# Creating Python UDFs¶

This topic shows how to create and install a Python UDF (user-defined function).

In this Topic:

## Writing the Python Code¶

### Writing the Python Module and Function¶

Write a module that follows the specifications below:

• Define the module. A module is a file containing Python definitions and statements.

• Define a function inside the module.

• If the function accepts arguments, each argument must be one of the data types specified in the Python Data Type column of the SQL-Python Type Mappings table.

Function arguments are bound by position, not name. The first argument passed to the UDF is the first argument received by the Python function.

• Specify an appropriate return value. Because a Python UDF must be a scalar function, it must return one value each time that it is invoked. The type of the return value must be one of the data types specified in the Python Data Type column of the SQL-Python Type Mappings table. The type of the return value must be compatible with the SQL data type specified in the RETURNS clause of the CREATE FUNCTION statement.

• Your module can contain more than one function. The function that is called by Snowflake can call other functions in the same module, or in other modules.

• Your function (and any functions called by your function) must comply with the Snowflake-imposed constraints for Python UDFs.

Note

There is a Python UDF batch API, which enables defining Python functions that receive batches of input rows as Pandas DataFrames and return batches of results as Pandas arrays or Series. For more information, see Python UDF Batch API.

### Reading and Writing Files with a UDF Handler¶

You can read and write files with UDF handler code. To do this securely within the restricted engine in which Snowflake executes UDFs, follow the guidelines described here.

#### Reading Files with a UDF Handler¶

A UDF handler can read files that have been uploaded to a Snowflake stage. The stage hosting the file must be readable by the owner of the UDF.

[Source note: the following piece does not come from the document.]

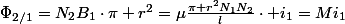 \Phi_{2/1}=N_{2}B_{1}\cdot\pi r^{2}=\mu\frac{\pi r^{2}N_{1}N_{2}}{l}\cdot i_{1}=Mi_{1}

When you specify a file’s stage location in the IMPORTS clause of CREATE FUNCTION, Snowflake copies the staged file to an import directory available specifically to the UDF. Your handler code can read the file from there.

Note that Snowflake copies all imported files, potentially from multiple stages, to a single import directory. For this reason, the names of files specified in the IMPORTS clause must be distinct relative to each other.

For example code, see Loading a File from a Stage into a Python UDF in this topic.

To read a file with UDF handler code:

1. Copy the file to Snowflake stage.

2. When creating the UDF using CREATE FUNCTION, specify the location of the file in the IMPORTS clause.

Code in the following example specifies a file.txt file at a stage called my_stage.

create or replace function my_udf()
...
imports=('@my_stage/file.txt')
...

3. In your handler code, read the file from the import directory.

Snowflake copies the staged file to the UDF’s import directory. You can retrieve the directory’s location using the snowflake_import_directory system option.

In Python code, you can retrieve the directory’s location using the Python sys._xoptions method, as in the following example:

IMPORT_DIRECTORY_NAME = "snowflake_import_directory"
import_dir = sys._xoptions[IMPORT_DIRECTORY_NAME]

def compute():
with open(import_dir + 'file.txt', 'r') as file:


#### Writing Files with a UDF Handler¶

A UDF handler can write files to a /tmp directory created for the query calling the UDF.

Keep in mind that a /tmp directory is set aside for a single calling query, yet multiple Python worker processes might be running at the same time. To prevent collisions, you must ensure either that access to the /tmp directory is synchronized with other Python worker processes or that the names of files written to /tmp are unique.

For example code, see Unzipping a Staged File in this topic.

Code in the following example writes the input text to the /tmp directory, appending the function’s process ID to ensure the file location’s uniqueness.

def func(text):
# Ensure the file name's uniqueness by appending the function's process ID.
file_path = '/tmp/content' + str(os.getpid())
with open(file_path, "w") as file:
file.write(text)


## Creating the Function in Snowflake¶

You must execute a CREATE FUNCTION statement to specify:

• The SQL function name to use.

• The name of the Python function to call when the Python UDF is called.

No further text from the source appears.